Task instructions >>
Of the lines in the data below, write out exactly those from the one holding "1:8 The Ultimate" through the one holding "4 Juniper Court Litchfield NH 03052", both included.

Exercise inputs >>
□ □ □

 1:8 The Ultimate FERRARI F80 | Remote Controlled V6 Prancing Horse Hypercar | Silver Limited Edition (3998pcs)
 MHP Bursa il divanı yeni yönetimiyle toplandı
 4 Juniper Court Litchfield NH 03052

□ □ □

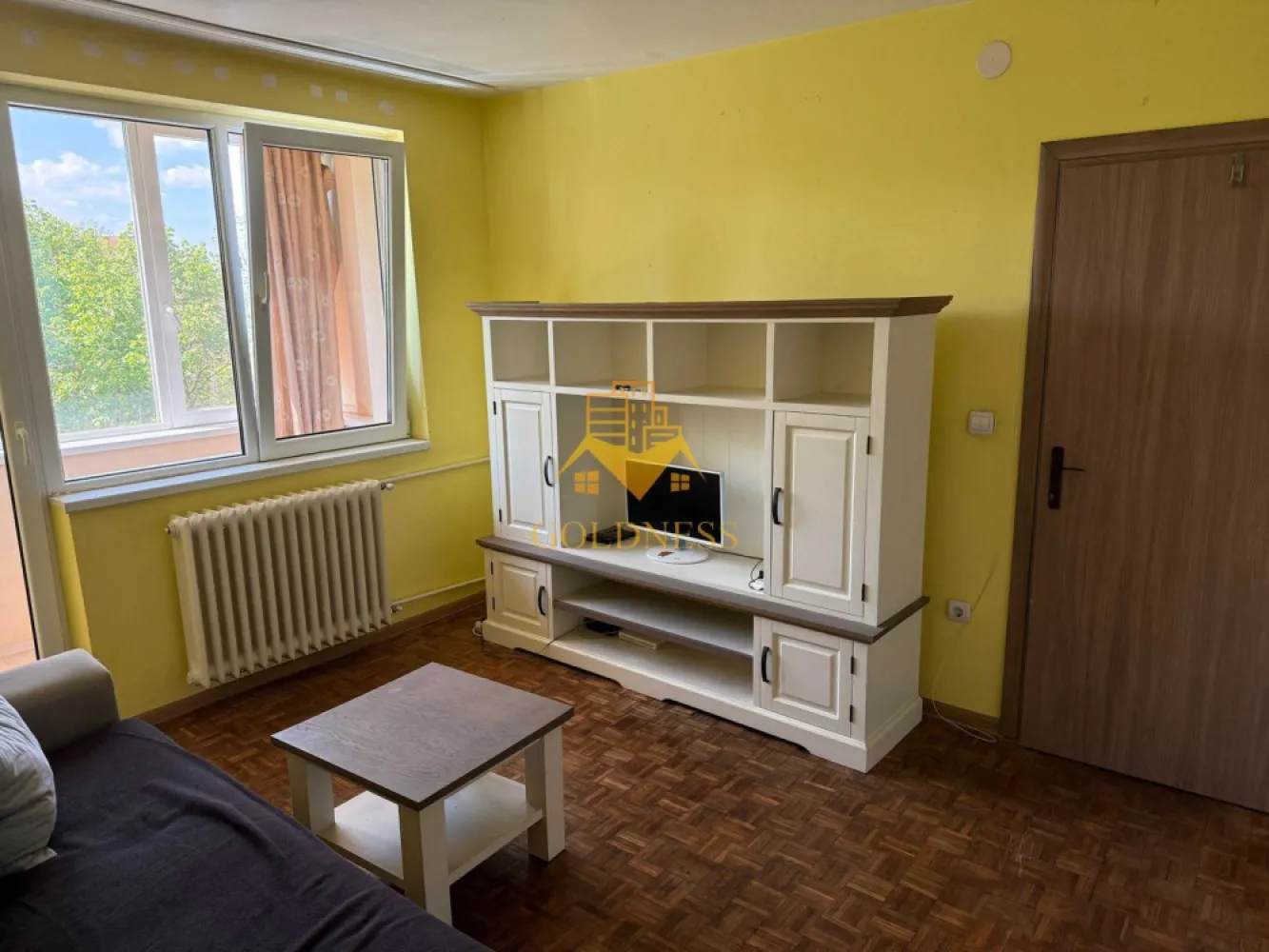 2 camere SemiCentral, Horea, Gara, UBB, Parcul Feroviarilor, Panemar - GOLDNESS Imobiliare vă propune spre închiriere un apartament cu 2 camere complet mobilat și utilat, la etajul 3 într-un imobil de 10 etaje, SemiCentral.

□ □ □

Written solution >>
 1:8 The Ultimate FERRARI F80 | Remote Controlled V6 Prancing Horse Hypercar | Silver Limited Edition (3998pcs)
 MHP Bursa il divanı yeni yönetimiyle toplandı
 4 Juniper Court Litchfield NH 03052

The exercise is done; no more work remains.